An experimental result will be presented to show that such a mid-value should be considered an optimal threshold value separating the customer profiles that should be tagged with Ej from others that should not.
After the above four steps of the learning process, a relationship Rj and a threshold value Mj are obtained for each marketing event denoted by a particular tag Ej. The learning results of all marketing events are represented conceptually in Part D of Fig. 1.
In the segmentation process, Rj and Mj are used to determine whether Ej should be assigned to a certain unseen customer profile. The process attempts each tag and determines whether it should be assigned to a customer profile to reflect the fact that the customer will respond positively to a particular marketing event. The segmentation process is shown in Part E of Fig. 1.
AN EXPERIMENT EVALUATING THE INDUCTIVE LEARNING APPROACH
T.L. Music is a musical instrument company in Hong Kong. It offers a membership programme for its customers to enjoy various benefits provided by the company. The purchase history of a member is maintained by the company and it can be accessed by the member for reference (Fig. 2). In addition, a member can update his/her record containing personal details and preferences for musical instruments and music via the web page submission (Fig. 3).
Customers responses to marketing events are also recorded by the company. One typical marketing event of the company is to communicate with its members via emails and inform them of any latest news about the company, promotional activities and new products available.
An example of a customers purchase history of a musical instrument company
|Fig. 3:||A part of webpage on which a customer can update his/her profile data|
In this experiment, 1,500 anonymous customer profiles (including their purchase history and personal records as those shown in Fig. 2 and 3) and their responses to the email communications were collected.
In this experiment, there were 70 customer attributes (i.e., a1, a2, a3, a70) including demographic, psychographic and behavioral data and 60 marketing events (i.e., E1, E2, E3, E60) that were email communications for product promotion sent to customers from 2007 to 2008. On the average, each customer responded 5.6 times positively to these email communications.
Among the 1,500 customer profiles in the entire collection, 1,000 of them were used as a training set while the remaining 500 customer profiles were used as an evaluation set. But actually in the experiment, after the learning process, both the training and evaluation sets were processed in the segmentation process for comparison. Similar to the training set, the evaluation set is also divided into two parts: the positive evaluation set (in which customer profiles should be tagged) and the negative evaluation set (in which customer profiles should not be tagged). Thus, in the positive training set and positive evaluation set of Ej, the customer profiles should be tagged with Ej. Similarly, in the negative training set and negative evaluation set of Ej, the customer profiles should not be tagged with Ej. The average segmentation performance of 60 marketing events is shown as below. The threshold value for selecting promoting and demoting attributes is 1.0 (Part A and B of Fig. 1).

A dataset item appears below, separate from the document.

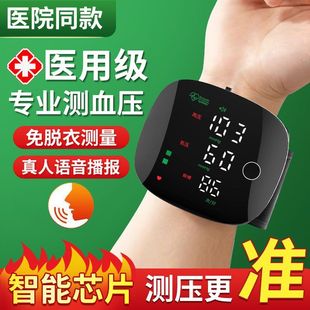 醫用級電子血壓計手腕式 血壓測量儀器 測血壓全自動高精度家用新款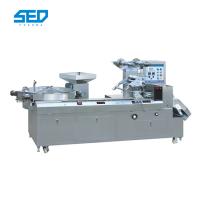 Buy cheap Hard Candy Pillow Pack 4Kw Pharmaceutical Machinery Equipment product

|•||Positive training set = 90.54%|
|•||Negative training set = 5.67%|
|•||Positive evaluation set = 85.56%|
|•||Negative evaluation set = 8.46%|
From the result above, it is found that the inductive learning approach to market segmentation is efficient. A lot of customer profiles in the positive evaluation set could be tagged correctly while only a small proportion of the negative evaluation set was tagged incorrectly.

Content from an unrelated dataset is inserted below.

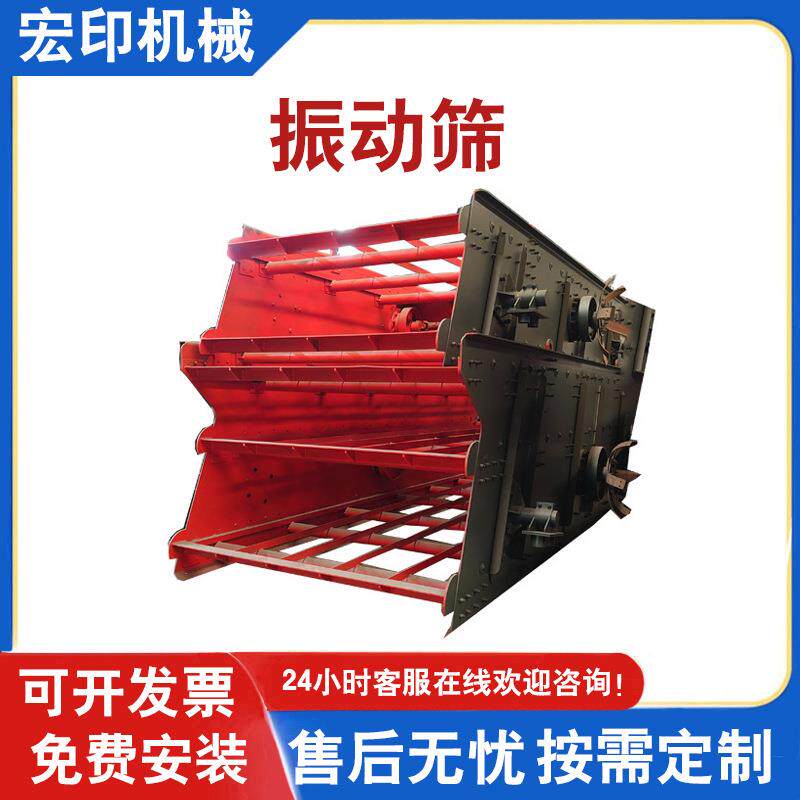铁矿石鹅卵石圆振筛采石场震动筛选机冶金矿多层直线震动筛沙机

AN EXPERIMENT DETERMINING THE OPTIMAL SEGMENTATION SCORE THRESHOLD
As mentioned before, the criterion mentioned in Part C of Fig. 1 is used to determine whether a tag Ej should be assigned to a customer profile. The value of Mj is a mid-value between the average segmentation score of the positive training set and that of the negative training set. An experiment was performed and the result shows that Mj is an optimal threshold value separating the customer profiles that should be tagged with Ej (i.e., relevant customer profiles) from others that should not (i.e., irrelevant customer profiles). Theoretically, the optimal threshold value should be a point at which the algorithm can completely separate all the relevant customer profiles from irrelevant ones. However, practically it can only look for an optimal threshold that can separate most of the relevant customer profiles from most of the irrelevant ones. An experiment was performed for this purpose. In fact, the experiment was similar to that mentioned in Section 4. But in this experiment, more threshold values were attempted, instead of Mj only. These threshold values were selected from a range between the average segmentation score of the positive training set and that of the negative training set. The change of the segmentation performance with the threshold value was observed.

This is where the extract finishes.